TestConcurrency is failing: volume creation is failing against docker 1.13 on ubuntu 16.04 VMs #881

Closed
shuklanirdesh82 opened this issue Jan 30, 2017 · 10 comments
Assignees
Milestone

Comments

@shuklanirdesh82
Copy link
Contributor

shuklanirdesh82 commented Jan 30, 2017

Steps to reproduce:

  1. run TestConcurrency against ubuntu 16 VMs and observes the reported issue.

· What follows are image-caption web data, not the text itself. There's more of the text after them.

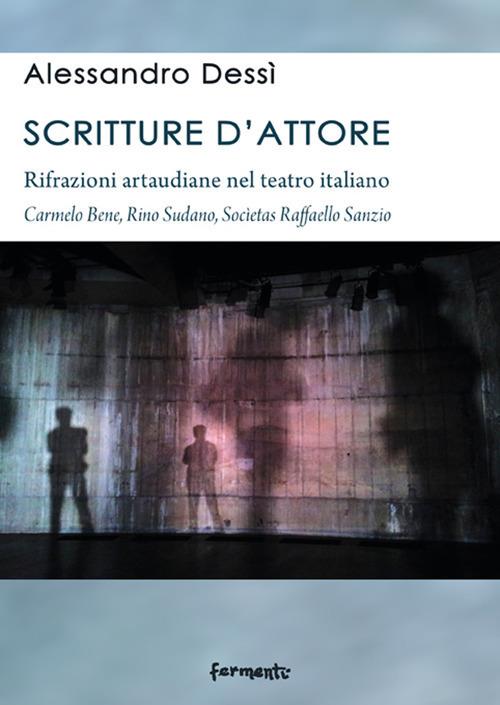 Scritture d'attore. Rifrazioni artaudiane nel teatro italiano (Carmelo Bene, Rino Sudano, Socìetas Raffaello Sanzio) - Alessandro Dessì - copertina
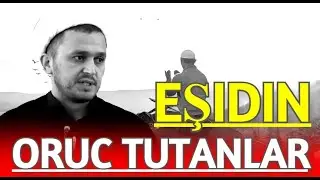 Hacı Ələmdar   Oruc tuanlar mütləq dinləsin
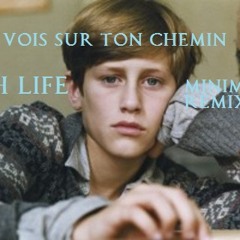 Vois Sur Ton Chemin ( High Life Minimal Remix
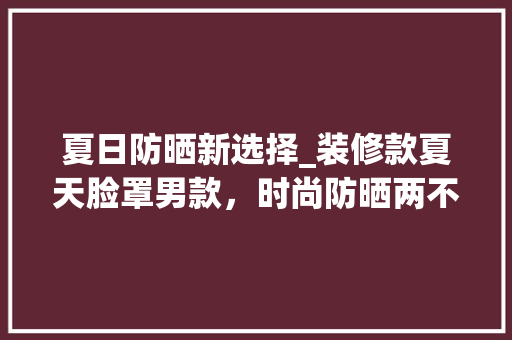 夏日防晒新选择_装修款夏天脸罩男款，时尚防晒两不误 现代风格装饰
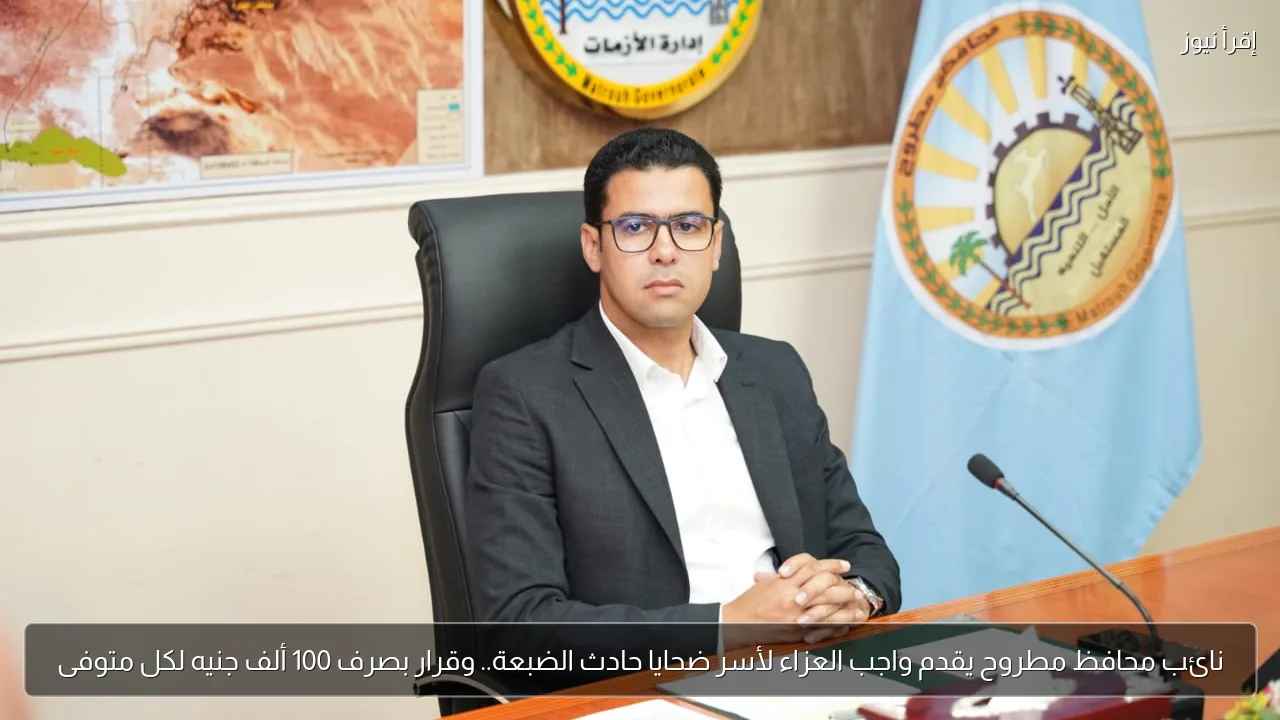 نائب محافظ مطروح يقدم واجب العزاء لأسر ضحايا حادث الضبعة.. وقرار بصرف 100 ألف جنيه لكل متوفى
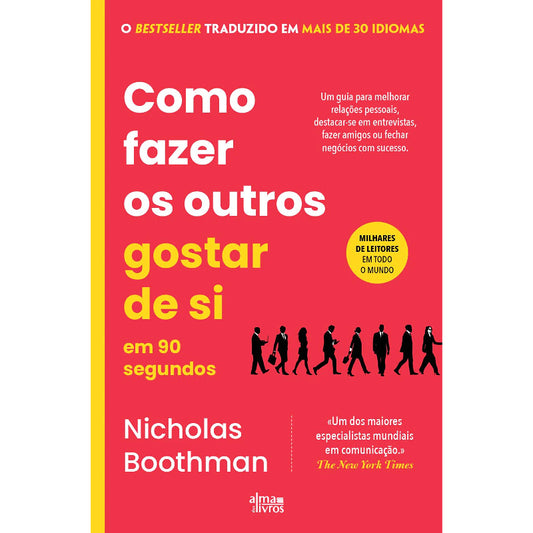 Como Fazer os Outros Gostar de Si em 90 Segundos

Note: TestConcurrency is commented out with #879, please uncomment concurrency tests after fixing the reported issue

=== RUN   TestConcurrency
Running concurrent tests on tcp://192.168.31.187:2375 and tcp://192.168.31.83:2375 (may take a while)...
Running create/delete concurrent test...
--- FAIL: TestConcurrency (29.75s)
	sanity_test.go:199: Successfully connected to tcp://192.168.31.187:2375
	sanity_test.go:199: Successfully connected to tcp://192.168.31.83:2375
	sanity_test.go:298: Create/delete concurrent test failed, err: Error response from daemon: create volTestP10: Post http://%2Frun%2Fdocker%2Fplugins%2Fvmdk.sock/VolumeDriver.Create: http: ContentLength=44 with Body length 0
FAIL

vmdk_ops log

01/27/17 12:47:23 558076 [Ubuntu.14.04-[vsanDatastore] dockvols/4af40ea9-ae91-4556-b6b6-641b72c85ec5/volTestP10.vmdk] [WARNING] vmci_reply returned error Broken pipe (errno=32)
01/27/17 12:47:25 558076 [photon.vsan-[vsanDatastore] dockvols/4af40ea9-ae91-4556-b6b6-641b72c85ec5/volTestP00.vmdk] [INFO   ] executeRequest 'remove' completed with ret=None
01/27/17 12:47:25 558076 [Thread-39] [INFO   ] cmd get with opts {} on tenant_uuid 4af40ea9-ae91-4556-b6b6-641b72c85ec5 datastore vsanDatastore is allowed to execute
01/27/17 12:47:25 558076 [photon.vsan-[vsanDatastore] dockvols/4af40ea9-ae91-4556-b6b6-641b72c85ec5/volTestP01.vmdk] [INFO   ] executeRequest 'get' completed with ret={'Error': 'Volume volTestP01 not found (file: /vmfs/volumes/vsanDatastore/dockvols/4af40ea9-ae91-4556-b6b6-641b72c85ec5/volTestP01.vmdk)'}

some observation:

  1. even though vms are having PVSCSI adapter: running into the issue reported earlier for PhotonVM (Error occurred while creating docker volume and allocated capacity stays at '0' - vm was created on ESX 6.0U2 #656) now observing against ubuntu VM
  2. cosmetic thing: datastore_cache ending up having duplicates (https://github.com/vmware/docker-volume-vsphere/blob/c50e1180bbc1518850fbf726f420e5abf98bc0a8/esx_service/utils/vmdk_utils.py#L74)
  3. same duplicates for volume ls
root@sc-rdops-vm18-dhcp-57-89:~# docker volume ls
DRIVER              VOLUME NAME
vmdk                volTestP00@TestDatastore1
vmdk                volTestP00@TestDatastore1
vmdk                volTestP11@TestDatastore1
vmdk                volTestP11@TestDatastore1

//CC @kerneltime

@shaominchen
Copy link
Contributor

Hi Ritesh, can you please take a look at this issue? What's the purpose of this test?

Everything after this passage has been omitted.